Vavilov Day Starts Tomorrow

Link post

Content note: discussion of fasting.

Three weeks ago, I announced a plan to fast from the 25th to the 27th, in honor of Nikolai Vavilov and the staff of his botany institute, several of whom starved to death in the service of ending famine (and were partially successful, although far from the sole contributors). The goal was to test/​improve my own ability to do hard things in the service of worthy projects.

I had wanted to put much more research in the original post than I did, but decided it was more important to get the announcement out quickly and I should save something for the day-of post anyway. Since then, a lot has happened. Over three weeks I had 3 or 4 urgent demands around the size of “my furnace is maybe poison and my landlord is being difficult about it”. Everything is fine now, but it was a lot of effort to get it that way. I also had some emergency work drop in my lap for an extremely worthy project. I’m glad I got the opportunity to contribute and I’d make the same decision again but it ate up all of the slack I had left. And then my cell phone broke.

The immediate impact of this is there’s I’m not writing the highly researched post on Vavilov I wanted to. The internet is full of articles of the quality I could produce in the time I have available, there’s no reason to add to them.

But the more important impact is that I said I wanted to test my ability to do hard things, and then I did that, before the fast even started. My capacity was not as high as I wanted but more than I feared, and my capacity to respond to my limits gracefully instead of failing explosively exceeded my hopes.

So in a lot of ways the purpose of the fast has already been served. I thought about letting myself out of it, but there are a few dimensions this month hasn’t tested and I still want to play with those. However in light of the fact that I am starting from a place of much lower slack and much higher time value than anticipated, I will be removing some of the rules, such as “I have to work a normal workday” and “I have to do at least one physical activity”. Those rules were for someone who didn’t expend all her reserves doing intense cognitive work on no notice while angry people made horrible noises banging on her furnace for three days straight. As of writing this (Monday night) I haven’t made up my mind on relaxing the calorie restriction to allow for ketone esters, which for me are a small source of calories that greatly reduce the cognitive and emotional costs of fasting.

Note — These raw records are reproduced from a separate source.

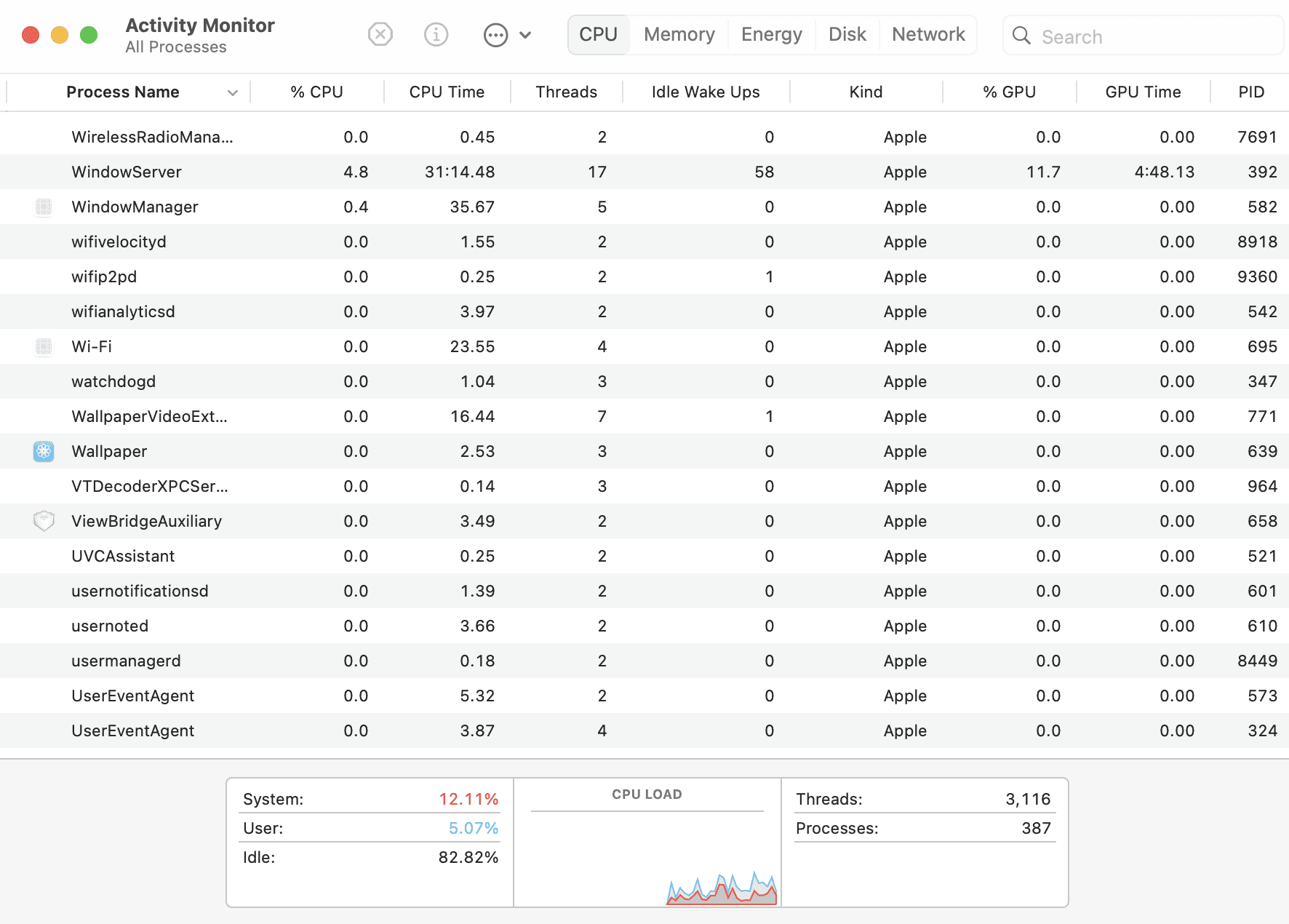 Activity Monitor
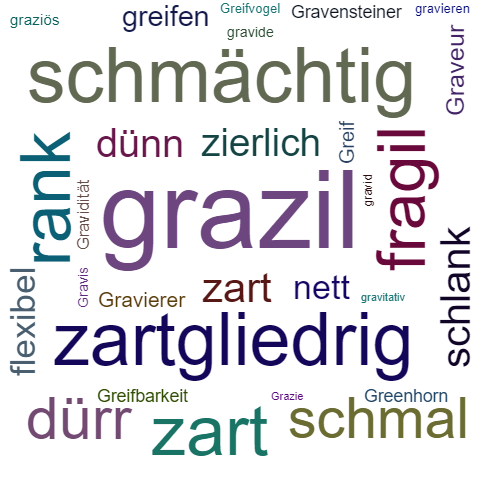 Ein anderes Wort für grazil - Synonym grazil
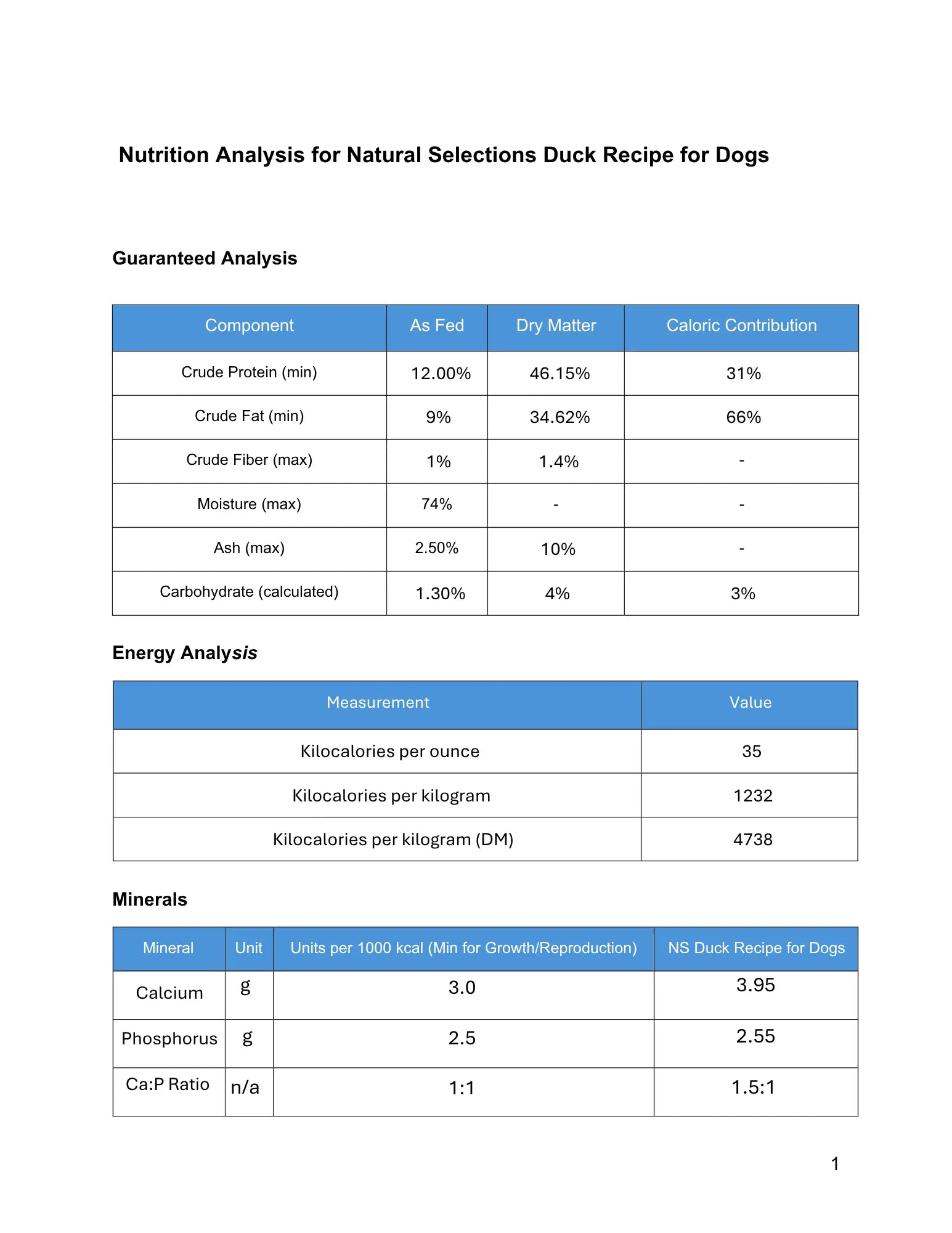 Natural Selections Premium Duck Dog Food Darwin's Natural Pet Products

Tomorrow (the 26th) is the 69th anniversary of Nikolai Vavilov’s death. The day after is the 68th anniversary of the end of the siege of Leningrad, which meant the institute staff no longer needed to starve themselves to protect their seed bank. I will be fasting from 10PM tonight (the 25th) to 10AM on the 27th, but no promises on doing more than that. And if that high-value project needs more no-notice immediate-turnaround work from me and the ketone esters aren’t enough, I don’t even promise to keep fasting. Because this was never about pain for pain’s sake, it was about testing and increasing my ability to follow through on my own principles, and one of those principles is “don’t pointlessly incapacitate yourself when high impact time-sensitive work is waiting”.

“…it was hard to wake up, it was hard to get on your feet and put on your clothes in the morning, but no, it was not hard to protect the seeds once you had your wits about you. Saving those seeds for future generations and helping the world recover after war was more important than a single person’s comfort.”